**GIVEN DATA**.
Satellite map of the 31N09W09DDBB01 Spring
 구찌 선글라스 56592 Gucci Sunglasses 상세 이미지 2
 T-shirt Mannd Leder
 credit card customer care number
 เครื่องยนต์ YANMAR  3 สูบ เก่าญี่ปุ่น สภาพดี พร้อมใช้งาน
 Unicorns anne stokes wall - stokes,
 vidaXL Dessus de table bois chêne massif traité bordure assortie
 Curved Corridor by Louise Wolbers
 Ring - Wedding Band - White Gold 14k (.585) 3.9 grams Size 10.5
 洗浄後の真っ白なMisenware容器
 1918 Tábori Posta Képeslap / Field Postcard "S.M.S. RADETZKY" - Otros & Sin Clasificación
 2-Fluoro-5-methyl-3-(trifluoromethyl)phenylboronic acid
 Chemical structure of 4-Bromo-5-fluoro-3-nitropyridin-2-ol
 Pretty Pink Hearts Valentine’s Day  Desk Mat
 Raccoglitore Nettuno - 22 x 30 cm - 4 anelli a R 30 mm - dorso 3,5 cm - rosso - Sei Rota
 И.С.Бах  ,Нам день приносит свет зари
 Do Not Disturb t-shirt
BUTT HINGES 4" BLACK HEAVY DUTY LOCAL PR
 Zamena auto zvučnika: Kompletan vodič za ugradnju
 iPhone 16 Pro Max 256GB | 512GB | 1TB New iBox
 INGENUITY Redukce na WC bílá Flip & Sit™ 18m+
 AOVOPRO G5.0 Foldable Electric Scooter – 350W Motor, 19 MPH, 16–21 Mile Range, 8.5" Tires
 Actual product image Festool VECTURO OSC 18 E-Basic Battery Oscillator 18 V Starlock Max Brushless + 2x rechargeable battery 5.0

**INSTRUCTIONS FOR THE TASK**. Each line of the material above that contains the string "shirt" adds one to the count; report the final count only.

**TASK SOLUTION**. 2